**WHAT YOU SHOULD DO**
Beginning with the line where "When Pigs Fly Mouse Pad (Front)" appears, restate each line word for word until the data ends. Pictures do not go in.

**GIVEN DATA**
■ ■ ■

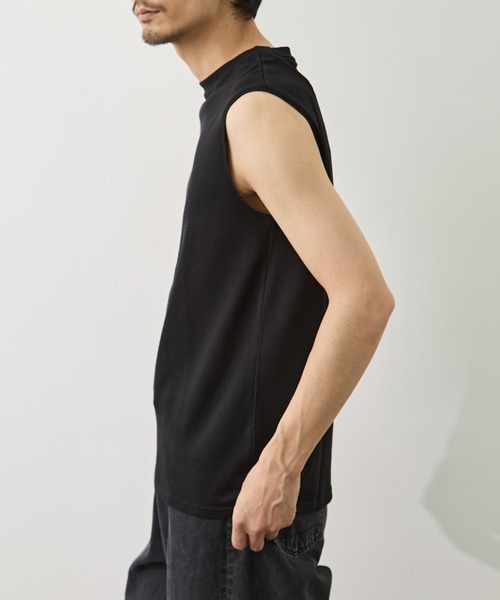marka(マーカ)の「【MARKAWARE/marka/マーカ】MESH SLEEVELESS TEE(タンクトップ・メンズ・ホワイト/ブラック・1/2)」の12枚目の写真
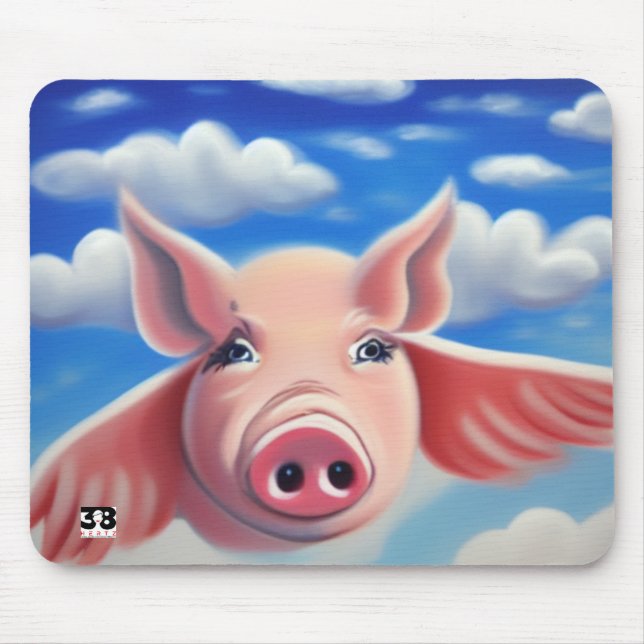 When Pigs Fly Mouse Pad (Front)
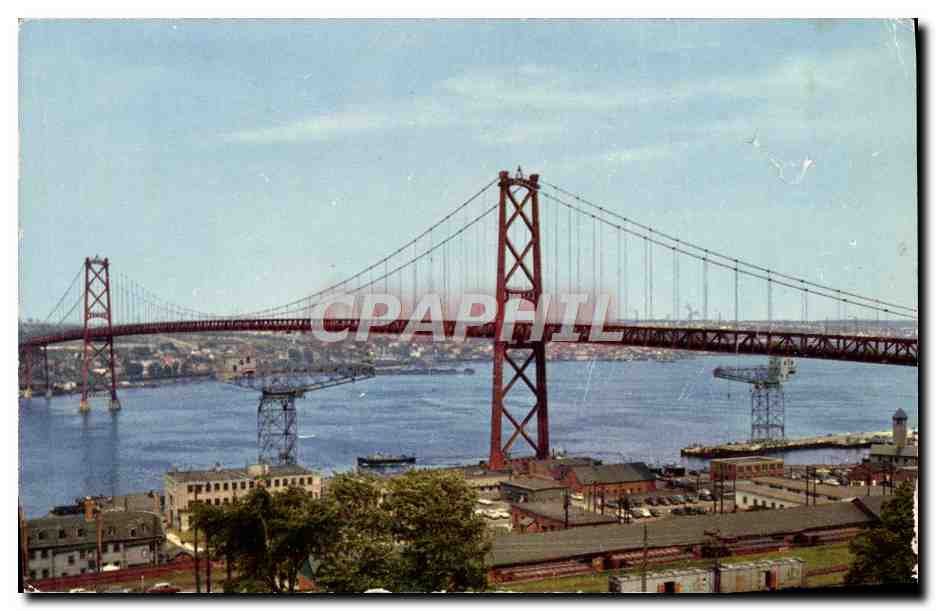 CPM The angus L Macdonald Memorial Bridge Connecting Halifax with Dartmouth North Dakota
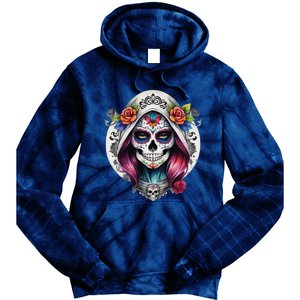 De Los Muertos La Catrina Sugar Skull Women Day Of The Dead Tie Dye Hoodie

■ ■ ■

**OUTPUT FOR THIS EXERCISE**
 When Pigs Fly Mouse Pad (Front)
 CPM The angus L Macdonald Memorial Bridge Connecting Halifax with Dartmouth North Dakota
 De Los Muertos La Catrina Sugar Skull Women Day Of The Dead Tie Dye Hoodie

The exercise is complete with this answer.